▶ Exercise prompt
Please transcribe every record below exactly, leaving out the pictures.

▶ Record extracts

+ + + +

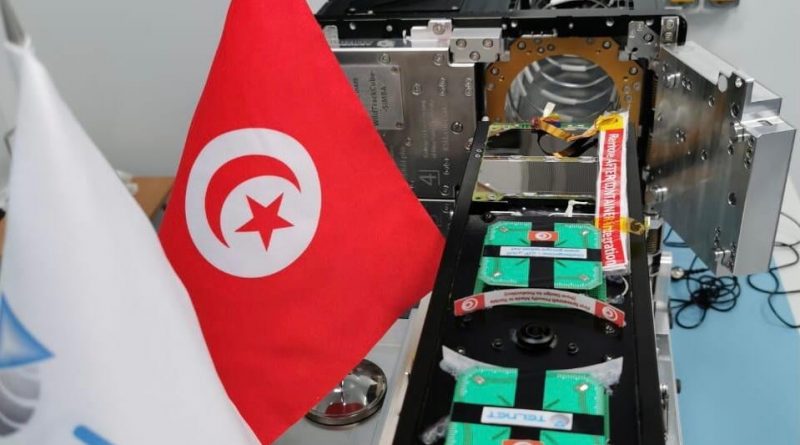 تحدي واحد قمر صناعي تونسي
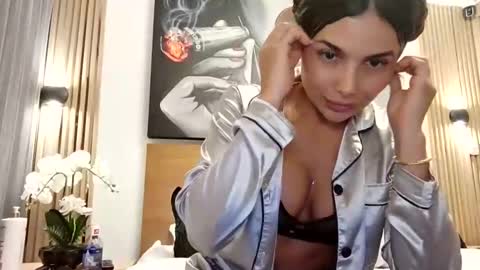 cristina online show from 04.30.26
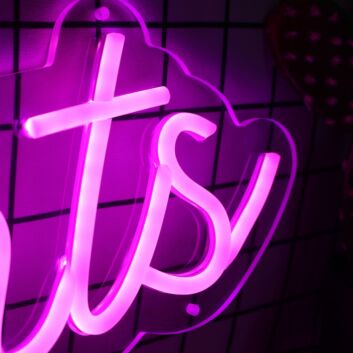 Nights LED Neonschild für Schlafzimmer und Wohnzimmer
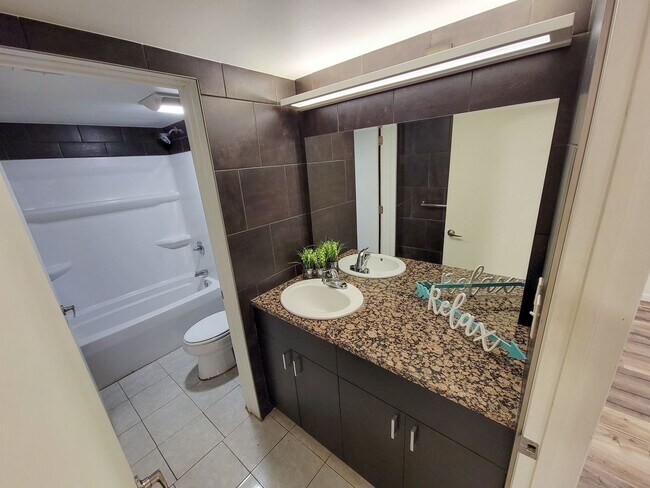 Foto del edificio - 1116 Moro St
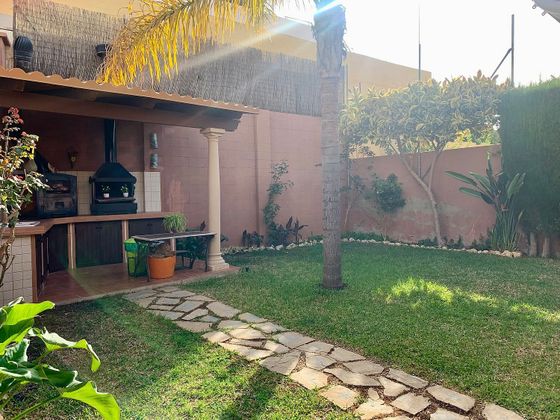 Foto 2 de Xalet en venda a Mangas Verdes - Las Flores - Parque del Sur de 4 habitacions amb terrassa i jardí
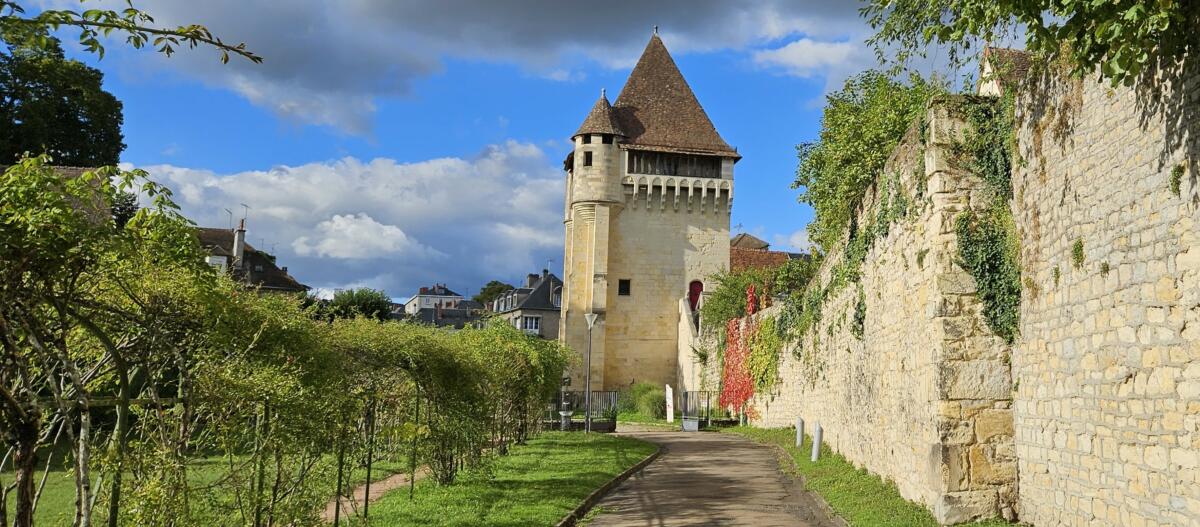  Le Chemin des Remparts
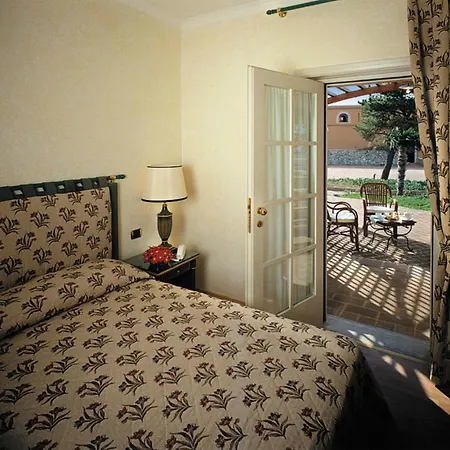 Отель Altafiumara Isole 4* 4*
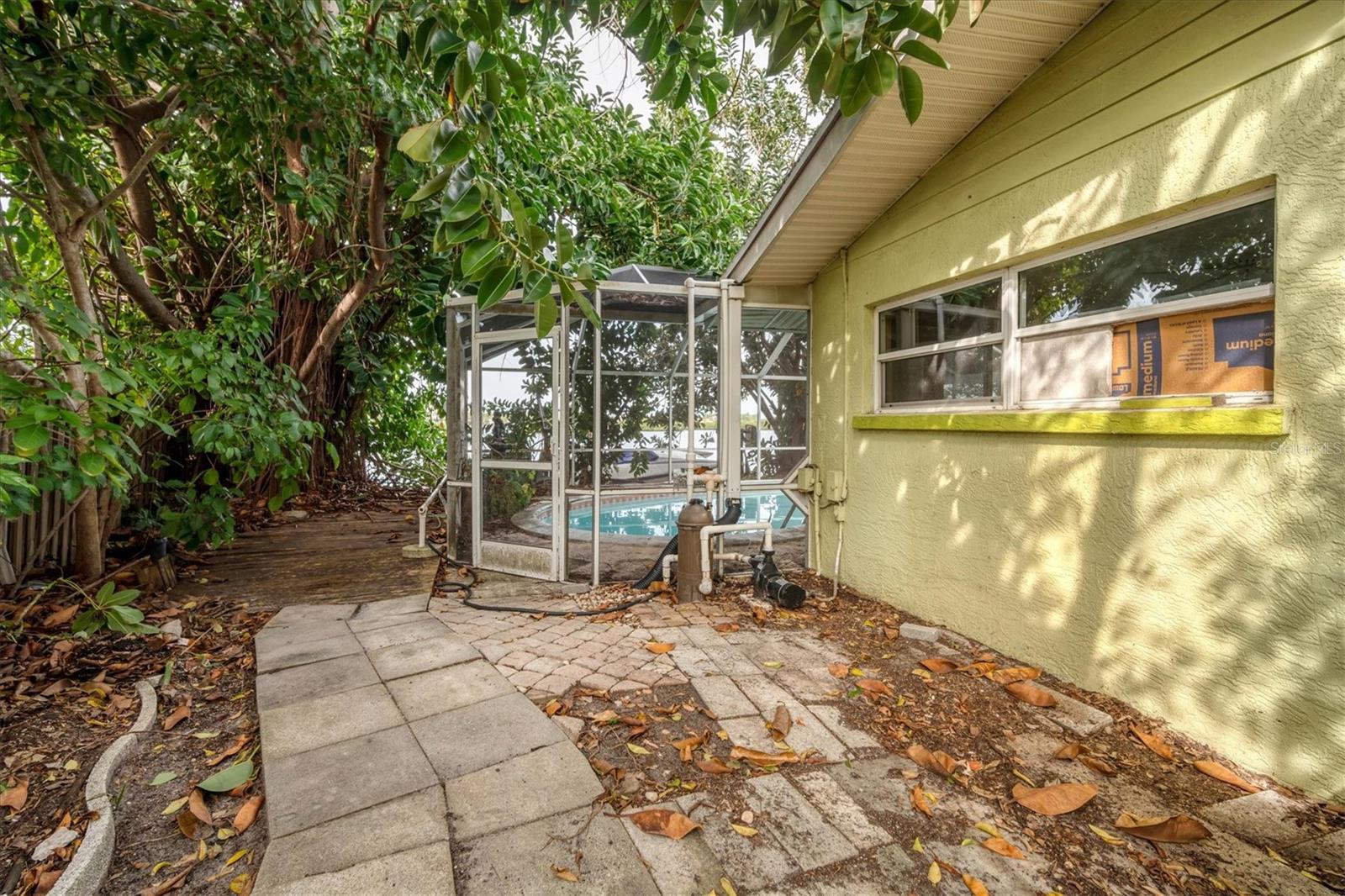 PINE SHORES ESTATE 7TH SEC - Residential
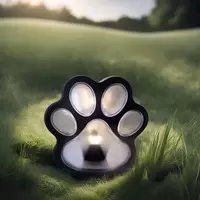  Домашний Уголок - Фонарь садовый на солнечных батареях в форме лапки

+ + + +

▶ Result for this exercise
 تحدي واحد قمر صناعي تونسي
 cristina online show from 04.30.26
 Nights LED Neonschild für Schlafzimmer und Wohnzimmer
 Foto del edificio - 1116 Moro St
 Foto 2 de Xalet en venda a Mangas Verdes - Las Flores - Parque del Sur de 4 habitacions amb terrassa i jardí
  Le Chemin des Remparts
 Отель Altafiumara Isole 4* 4*
 PINE SHORES ESTATE 7TH SEC - Residential
  Домашний Уголок - Фонарь садовый на солнечных батареях в форме лапки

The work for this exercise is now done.